What we know today as the Mercedes-Benz E-Class has not always been called that name. Before the mid-1990s, the middle child of the Mercedes range identified itself only with 3-digit badges that denoted its engine capacity with the ‘E’ suffix added only to models with fuel injection.
So, whilst the name is relatively new, it is nevertheless steep with heritage; one of the most iconic members of lineage is perhaps, the W123, which celebrates the 40th anniversary of its global debut this week.
First shown to the motoring press from 22 to 28 January 1976 at the Paul Ricard Circuit in Southern France, the W123 remained in production for a whole decade, selling 2.7 million units in sedan, coupe, and wagon configurations.
A total of nine petrol and diesel powertrain variants were available at launch, many of them being carried over from the predecessor model. New engines, however, were added along the way; examples including the 2.5-litre six-cylinder M 123 engine in the 250 model and the five-cylinder OM 617 turbodiesel engine in the 300 D.
Development groundwork for the W123 commenced as far back as 1968. At its peak, the model was noted for its commendable engineering and advanced levels of safety. Remarkable for the time was the provision made by the engineers for airbag inclusion in future variants, which was ultimately introduced to the range in 1982 as an option.
Passive safety was enhanced in particular by the combination of an even more robust passenger cell and large crumple zones. Stronger struts in the doors ensured better protection in the event of an impact. In addition, the safety steering shaft invented by Béla Barényi and patented in 1963 made its debut as a complete system in the W123.
The W123 hailed from an era when Mercedes-Benz built cars with almost obsessive attention to detail, quality, and longevity. It is a model that was instrumental in cementing the E-Class’ reputation as vehicles of excellent engineering integrity and impressive durability.
There is a reason why successive generations of the E-Class are able to successfully balance the role of being a bona fide luxury car as well as being the vehicle of choice for most European taxi drivers – Mercedes not only built these vehicles with comfort and luxury, they built them to last as well.
Testament of the W123’s durability can be seen on our roads.

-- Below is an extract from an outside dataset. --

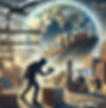 A hooded figure with money, cargo ship, planes, and forklifts in a busy industrial port with a globe backdrop, suggests global trade.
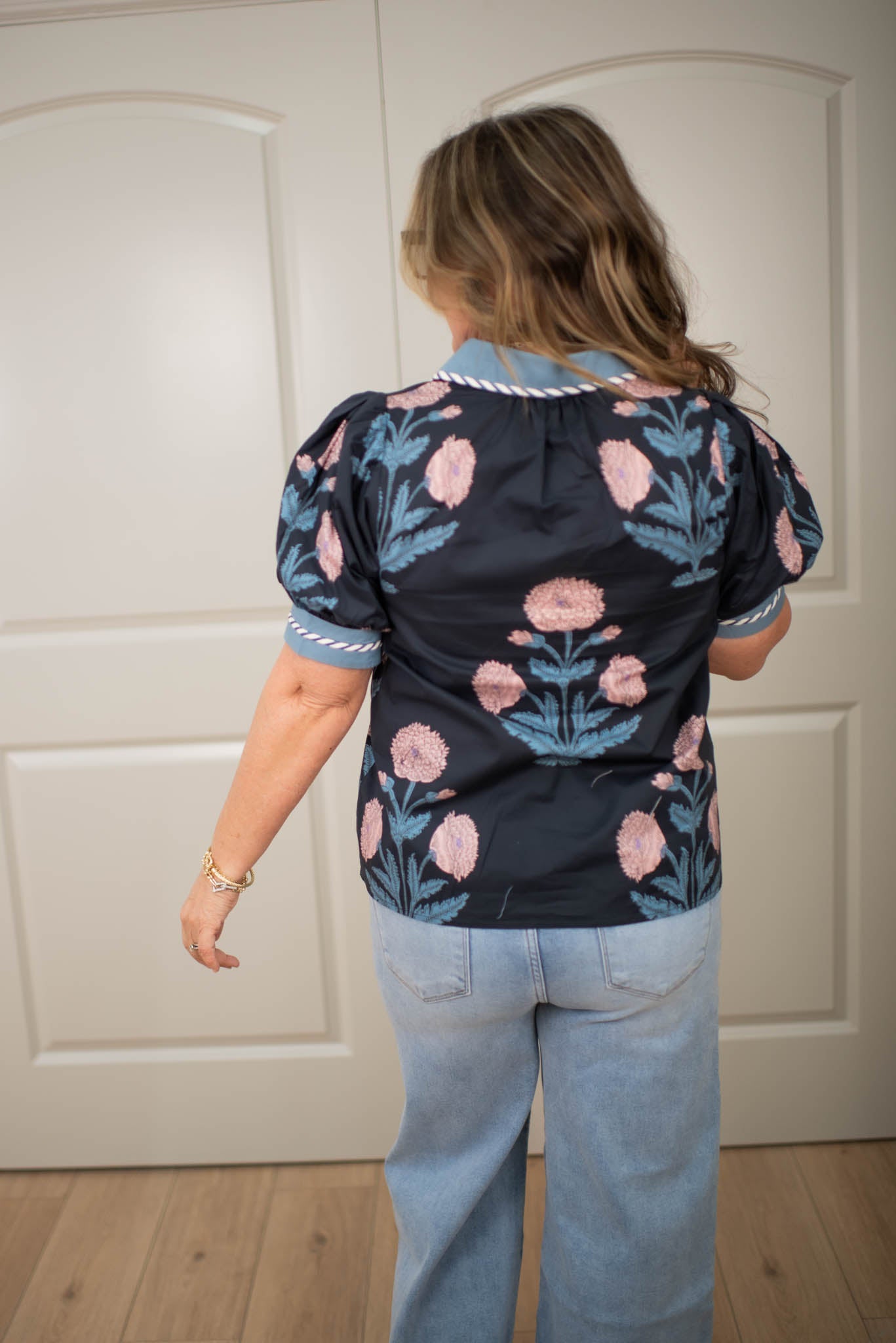 Midnight Bloom Bubble Sleeve Top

Many examples are still serving their owners faithfully, and units in mint condition still running with their original engines can be found a lot more readily than a BMW 5 Series of a similar age.

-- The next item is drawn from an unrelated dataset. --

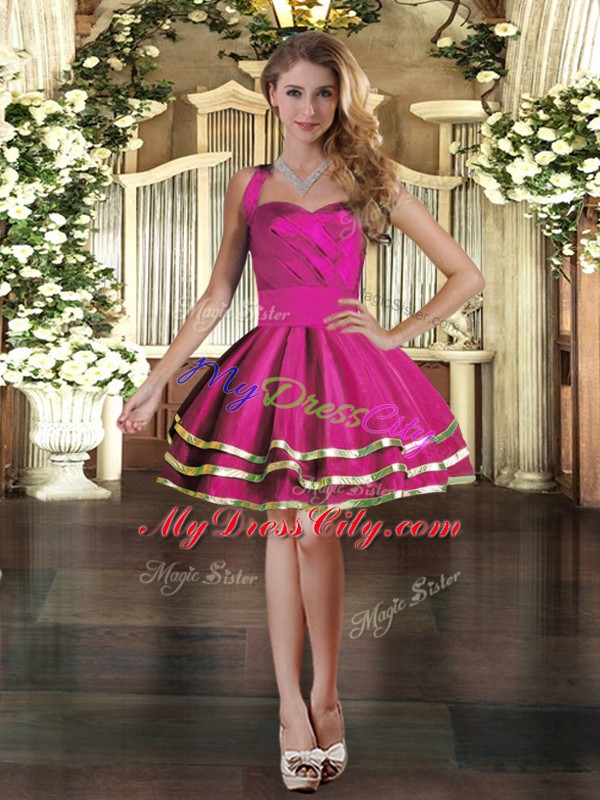 Floor Length Fuchsia Quinceanera Dress Halter Top Sleeveless Lace Up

Mechanically, the W123 is bulletproof, and original spare parts are readily available at reasonable prices. As with any car several decades old, trim parts can be trickier to source, but not impossible. If you’re looking for an affordable classic that can be counted on to serve reliably as a daily driver as well, this car can well fit the bill.
As of the publishing of this article, there are only four units of the W123 on Carlist.my. The going rate of a vehicle that is in reasonable wear is well under RM10,000; RM5,000 or less buys a car in running condition, but perhaps not one that is pristine looking. There is a 200 TE estate asking for as much as RM88,000; with cars like this, the worthiness of its price is very much on a willing buyer willing seller basis.